Com este entendimento, a Segunda Câmara de Direito Civil do Tribunal de Justiça deu provimento a recurso de apelação para inverter decisão de primeira instância que havia condenado blogueira ao pagamento de R$ 5 mil a título de indenização por danos morais por causa de comentários acerca da conduta de proprietário de estabelecimento comercial.

Com o acórdão, a parte autora restou condenada a arcar com pagamento das custas e despesas processuais, bem como dos honorários advocatícios em favor do patrono da ré. A decisão da Segunda Câmara de Direito Civil foi unânime.

No caso concreto, uma blogueira e colunista da cidade de Joaçaba, presidente de uma ONG em defesa de animais, publicou denúncias de maus tratos a animais em uma agropecuária da cidade, mencionando o nome do proprietário como responsável pelos abusos.

Entre outras coisas, a blogueira descreveu o local para onde os bichos entregues aos cuidados da agropecuária eram levados.

(…) “Cheiro de carniça é terrível, mas não é dos ossos apodrecidos, vem de um outro lado do sítio.
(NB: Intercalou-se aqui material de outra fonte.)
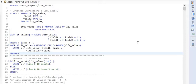As per SAP, line exists function can be considered as a short form of the statement READ TABLE with the addition of transporting no fields, and after that, a sy-subrc check. So line exists basically returns a sy-subrc value also.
Achamos dois cães e um porco famintos e sedentos. Logo depois outros cães foram se aproximando (o que condiz com as denúncias de que o “protetor” abandona os bichos à própria sorte…). Não havia torneira em lugar nenhum, pegamos água do rio e servimos para os dois cães acorrentados e para o porco que pedia socorro… Demos ração para os cães e deixamos potes cheios para os que vinham se aproximando. Detalhe: não há fezes de cão no entorno dos cães presos. (…) Ele é um falso protetor: recebe animais das pessoas que não tem onde “desovar” os bichos, cobra alegando que é para as vacinas e depois os revende… (recebi denúncias de que ele sacrifica os que não tem condições de serem comercializados e também abandona no entorno da cidade, mas eu não sei dizer se é verdade ou não”.

Condenada em primeira instância, recorreu ao TJ. Na apelação, demonstrou que Boletim de Ocorrência da Polícia Militar Ambiental corroborava suas denúncias, além do depoimento de pelo menos uma testemunha.

Em seu voto, o relator Sebastião César Evangelista registrou:

“Ora, evidente que, comprovada a prática de maus tratos pelo autor, a comunicação pela ré em blog na internet não configura ato ilícito, porquanto ausente evidência de intenção deliberada da requerida em desabonar de forma injusta a honra do demandante. Pelo contrário, as informações por ela lançadas possuíam caráter informativo e de interesse da sociedade, que muitas vezes procurava a agropecuária do autor a fim de entregar-lhe animais que não podiam mais cuidar ou que estivessem em situação de abandono, custeando tratamento de saúde e/ou alimentação destes, em respeito a sua integridade física e emocional, no intuito de que fossem adotados ou vendidos a novas famílias”.